#### DATA SUPPLIED ####

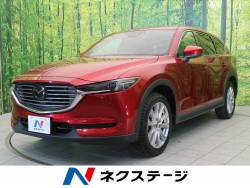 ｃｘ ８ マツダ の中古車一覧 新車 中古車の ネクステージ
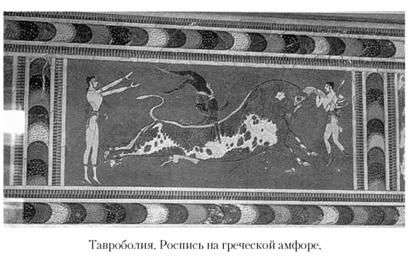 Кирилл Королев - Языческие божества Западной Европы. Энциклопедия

####
#### DATA SUPPLIED ####

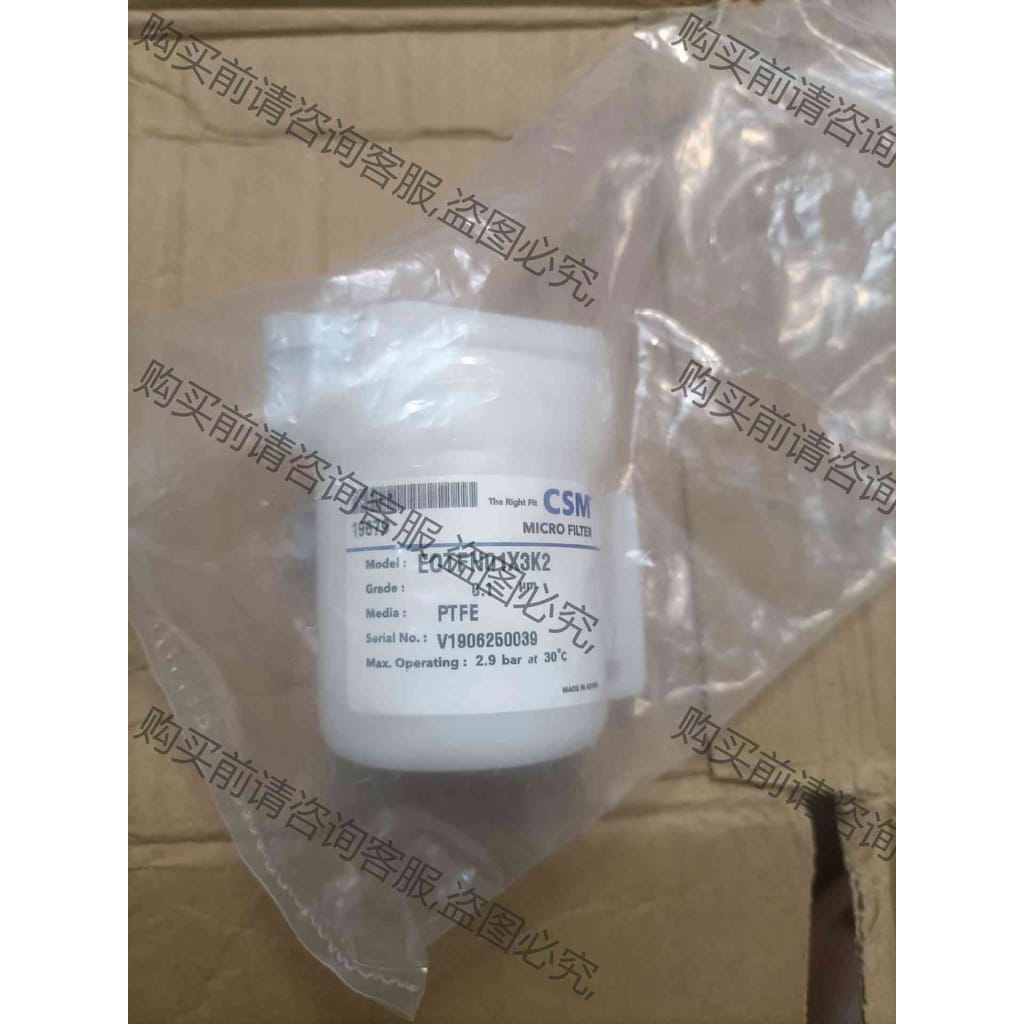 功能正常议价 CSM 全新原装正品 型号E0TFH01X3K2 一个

####
#### DATA SUPPLIED ####

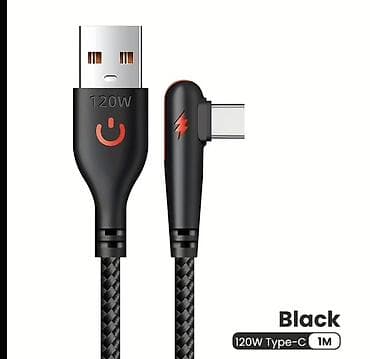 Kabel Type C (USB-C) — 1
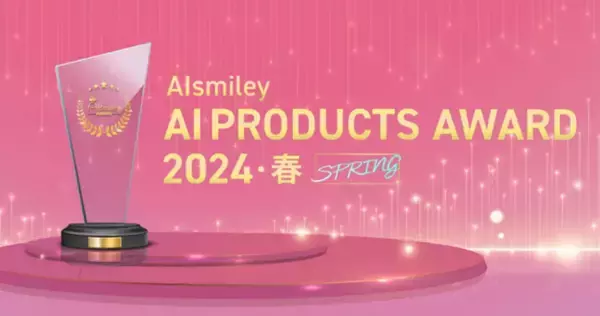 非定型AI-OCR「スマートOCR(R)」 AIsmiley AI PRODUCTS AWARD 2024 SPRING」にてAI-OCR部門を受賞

####

:: WORK TASK ::
Print, exactly and with no pictures, the lines of the listing above starting at the one that has "ｃｘ ８ マツダ の中古車一覧 新車 中古車の ネクステージ" and ending at the one that has "Кирилл Королев - Языческие", both included.

:: EXERCISE ANSWER ::
 ｃｘ ８ マツダ の中古車一覧 新車 中古車の ネクステージ
 Кирилл Королев - Языческие божества Западной Европы. Энциклопедия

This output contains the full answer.